------ ENTRIES PROVIDED
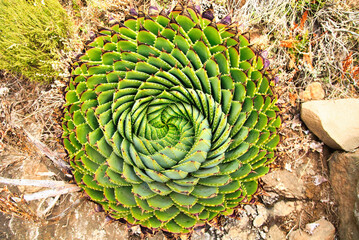 Spiral Aloe Aloe polyphylla the national plant of Lesotho - obrazy, fototapety, plakaty
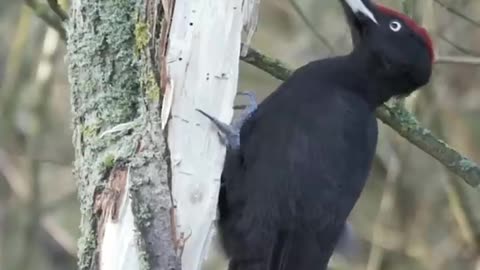 Woodpecker picking ASMR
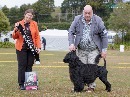 Click to see more details for this dog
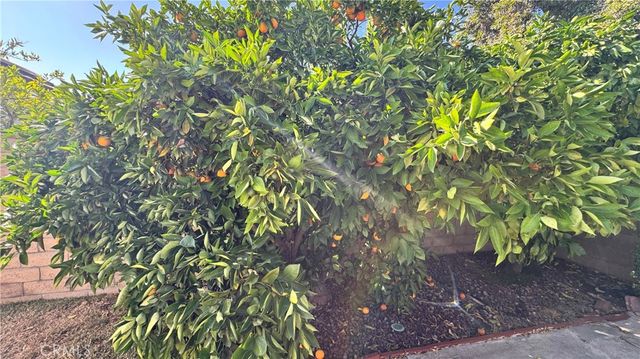 1350 Princeton, Walnut, CA 91789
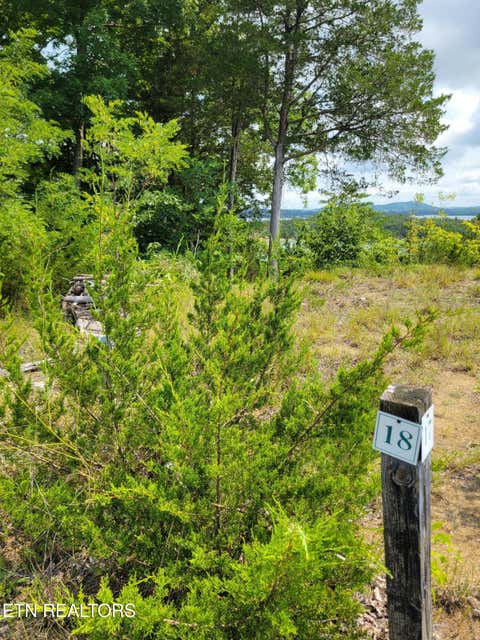 Tiny photo for Bay View Point, Sevierville, TN 37876 (MLS # 1349955)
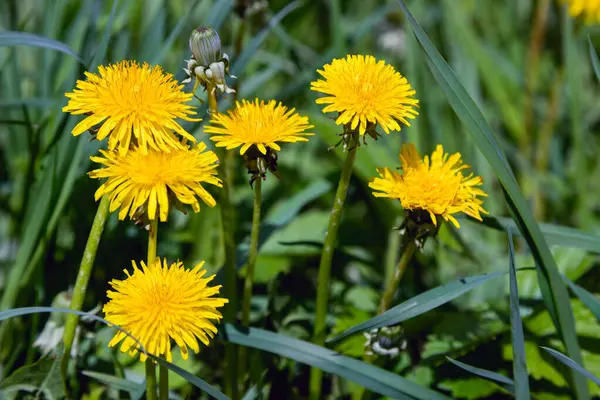 Zbliżenie Kwitnących Żółtych Kwiatów Mniszka Lekarskiego Ogrodzie Wiosną Szczegół Jaskrawy — Zdjęcie stockowe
------------
TO DO:
The copy must match the listing above exactly but contain no pictures.

FINISHED TASK:
 Spiral Aloe Aloe polyphylla the national plant of Lesotho - obrazy, fototapety, plakaty
 Woodpecker picking ASMR
 Click to see more details for this dog
 1350 Princeton, Walnut, CA 91789
 Tiny photo for Bay View Point, Sevierville, TN 37876 (MLS # 1349955)
 Zbliżenie Kwitnących Żółtych Kwiatów Mniszka Lekarskiego Ogrodzie Wiosną Szczegół Jaskrawy — Zdjęcie stockowe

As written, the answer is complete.